Egypt’s army-backed interim government yesterday designated the Muslim Brotherhood as a terrorist organization, a day after a massive bomb destroyed an Egyptian police station and killed at least 15 people. The Washington Post reports:

The announcement was a stunning blow to the decades-old Islamist organization, which survived for years in the shadows and in prison cells under then-President Hosni Mubarak but reached the height of political power after his ouster in the 2011 uprising.

Wednesday’s decree, which accused the Brotherhood of a deadly car bombing outside a security building Tuesday, broadened the government’s authority to move against the group.

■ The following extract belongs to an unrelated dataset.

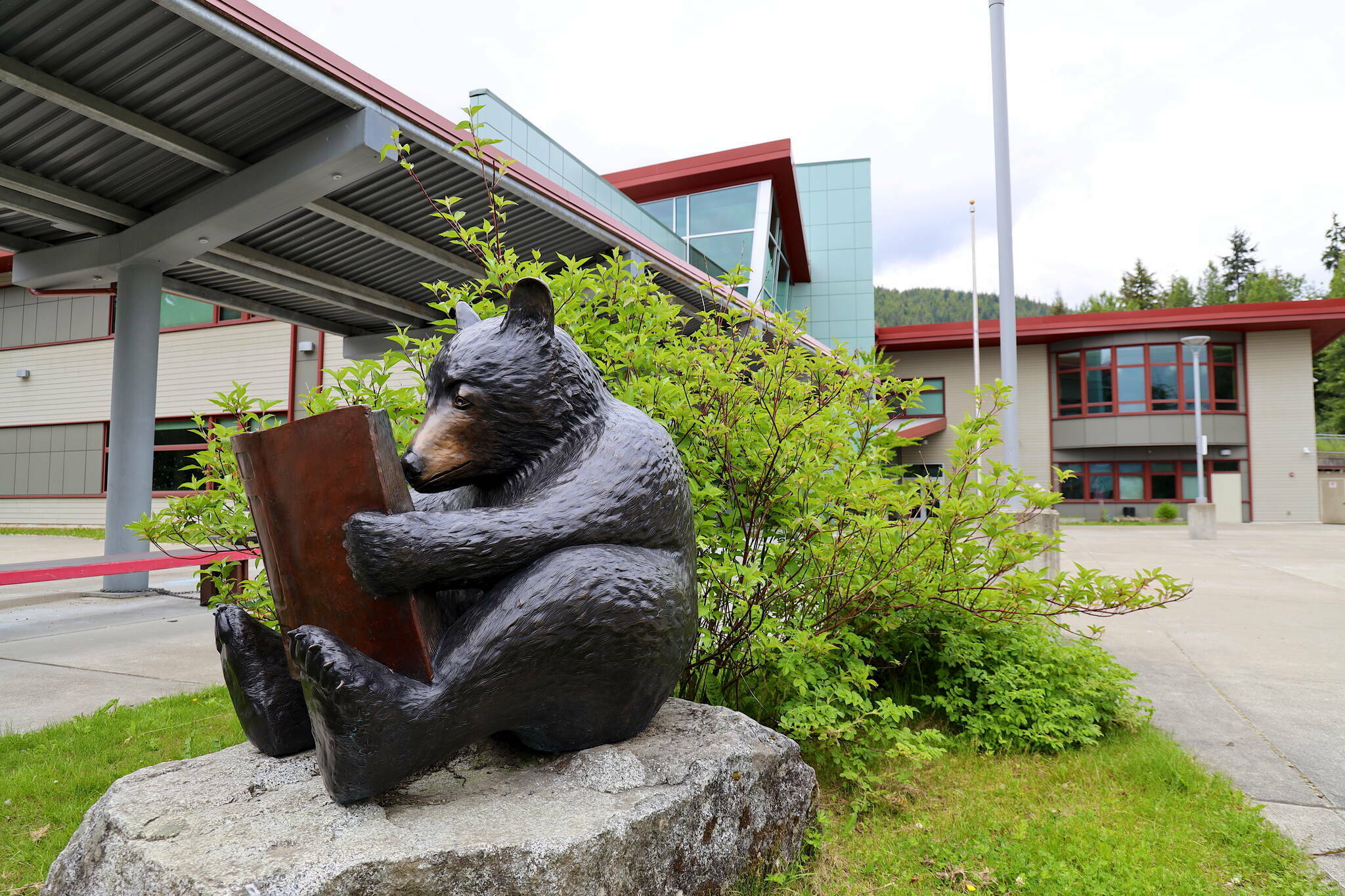 A sculpture of a bear reading a book is seen in front of Auke Bay Elementary School on July 12, 2023. (Clarise Larson / Juneau Empire file photo)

Another bomb this morning exploded in a busy Cairo intersection this morning, wounding five, with the attack being described by Century Foundation senior fellow Michael Hanna as a “worrying signal that Egypt’s militants [are] no longer content” with launching terrorist attacks in the Sinai Peninsula but were expanding their operations throughout the rest of Egypt.

Until recently the Islamist organization was described by many Western analysts and diplomats as being not only on the ascendancy, but as a group that the U.S. and its allies would have to learn to “deal with” at least partly on its own terms. Describing a mid-2011 decision by the Obama administration to resume contact with the Brotherhood, Politico described the U.S. position as assessing that ‘the Brotherhood’s rise in political prominence… [made] the American contact necessary.’